(Extracted data entries)
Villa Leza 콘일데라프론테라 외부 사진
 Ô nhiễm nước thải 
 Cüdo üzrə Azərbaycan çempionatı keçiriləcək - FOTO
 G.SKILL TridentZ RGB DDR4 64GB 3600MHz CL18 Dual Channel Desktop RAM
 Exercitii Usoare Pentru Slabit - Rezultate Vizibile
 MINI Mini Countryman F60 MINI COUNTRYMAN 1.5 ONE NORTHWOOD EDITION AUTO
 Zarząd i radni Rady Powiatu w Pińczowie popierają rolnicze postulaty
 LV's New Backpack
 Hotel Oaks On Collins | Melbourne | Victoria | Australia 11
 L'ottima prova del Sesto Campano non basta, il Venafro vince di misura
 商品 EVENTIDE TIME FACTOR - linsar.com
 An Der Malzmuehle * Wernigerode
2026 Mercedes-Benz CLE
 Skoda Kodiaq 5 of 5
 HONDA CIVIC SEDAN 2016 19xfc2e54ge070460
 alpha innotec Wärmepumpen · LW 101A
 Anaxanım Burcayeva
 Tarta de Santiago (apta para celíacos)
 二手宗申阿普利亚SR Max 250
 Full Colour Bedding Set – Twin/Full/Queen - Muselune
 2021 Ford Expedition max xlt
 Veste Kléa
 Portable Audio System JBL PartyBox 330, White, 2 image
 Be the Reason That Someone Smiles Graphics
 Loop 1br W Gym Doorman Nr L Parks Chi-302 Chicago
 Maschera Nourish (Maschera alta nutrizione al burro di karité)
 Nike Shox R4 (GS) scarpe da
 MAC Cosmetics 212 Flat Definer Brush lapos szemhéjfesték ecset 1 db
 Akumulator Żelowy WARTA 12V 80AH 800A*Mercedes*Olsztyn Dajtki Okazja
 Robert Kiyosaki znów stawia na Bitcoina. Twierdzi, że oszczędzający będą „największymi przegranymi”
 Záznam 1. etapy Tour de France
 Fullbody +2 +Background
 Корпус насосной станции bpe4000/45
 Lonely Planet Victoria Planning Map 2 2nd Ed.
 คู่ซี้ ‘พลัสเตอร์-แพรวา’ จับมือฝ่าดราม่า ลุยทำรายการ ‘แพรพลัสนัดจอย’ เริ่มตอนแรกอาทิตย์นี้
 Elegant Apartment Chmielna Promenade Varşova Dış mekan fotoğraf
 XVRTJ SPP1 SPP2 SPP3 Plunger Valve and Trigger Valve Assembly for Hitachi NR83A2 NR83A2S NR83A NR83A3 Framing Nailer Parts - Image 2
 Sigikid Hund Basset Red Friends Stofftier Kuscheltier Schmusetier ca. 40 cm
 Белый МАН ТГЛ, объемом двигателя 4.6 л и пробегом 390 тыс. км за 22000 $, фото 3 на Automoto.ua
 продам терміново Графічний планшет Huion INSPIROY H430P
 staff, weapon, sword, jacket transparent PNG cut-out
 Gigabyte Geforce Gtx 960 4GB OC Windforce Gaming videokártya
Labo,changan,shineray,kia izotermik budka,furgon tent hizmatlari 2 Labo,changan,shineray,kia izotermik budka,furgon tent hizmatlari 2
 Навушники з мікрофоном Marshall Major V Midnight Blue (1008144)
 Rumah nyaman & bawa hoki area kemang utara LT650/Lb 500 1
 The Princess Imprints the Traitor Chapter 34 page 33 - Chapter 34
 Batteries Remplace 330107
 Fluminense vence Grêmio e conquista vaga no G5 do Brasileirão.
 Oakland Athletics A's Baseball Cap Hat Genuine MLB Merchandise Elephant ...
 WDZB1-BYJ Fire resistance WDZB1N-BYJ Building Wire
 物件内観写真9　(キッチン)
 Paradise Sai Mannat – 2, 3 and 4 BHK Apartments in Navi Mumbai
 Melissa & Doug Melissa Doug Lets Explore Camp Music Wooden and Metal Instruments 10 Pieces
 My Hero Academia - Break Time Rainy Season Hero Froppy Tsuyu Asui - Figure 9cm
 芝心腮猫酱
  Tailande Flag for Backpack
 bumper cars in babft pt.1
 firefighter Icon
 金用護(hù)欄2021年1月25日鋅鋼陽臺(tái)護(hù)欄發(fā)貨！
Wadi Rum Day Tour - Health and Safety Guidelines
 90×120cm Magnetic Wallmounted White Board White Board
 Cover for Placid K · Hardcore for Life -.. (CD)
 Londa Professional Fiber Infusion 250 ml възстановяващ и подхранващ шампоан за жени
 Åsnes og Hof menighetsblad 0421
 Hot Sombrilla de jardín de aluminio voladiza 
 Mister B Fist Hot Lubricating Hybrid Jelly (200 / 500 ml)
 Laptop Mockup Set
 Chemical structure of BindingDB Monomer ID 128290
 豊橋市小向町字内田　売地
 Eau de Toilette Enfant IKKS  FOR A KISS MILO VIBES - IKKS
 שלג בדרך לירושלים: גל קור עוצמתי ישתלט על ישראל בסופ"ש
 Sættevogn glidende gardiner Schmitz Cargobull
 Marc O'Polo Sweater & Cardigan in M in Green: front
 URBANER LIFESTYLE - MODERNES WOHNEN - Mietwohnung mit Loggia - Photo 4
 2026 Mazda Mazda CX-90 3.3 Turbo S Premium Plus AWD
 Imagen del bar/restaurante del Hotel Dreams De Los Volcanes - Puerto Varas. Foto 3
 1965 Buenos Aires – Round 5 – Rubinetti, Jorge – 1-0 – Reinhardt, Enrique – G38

• [WORK INSTRUCTIONS]: Whenever a line in the data holds "Hotel", copy that line.

• [WRITTEN SOLUTION]:
 Hotel Oaks On Collins | Melbourne | Victoria | Australia 11
 Imagen del bar/restaurante del Hotel Dreams De Los Volcanes - Puerto Varas. Foto 3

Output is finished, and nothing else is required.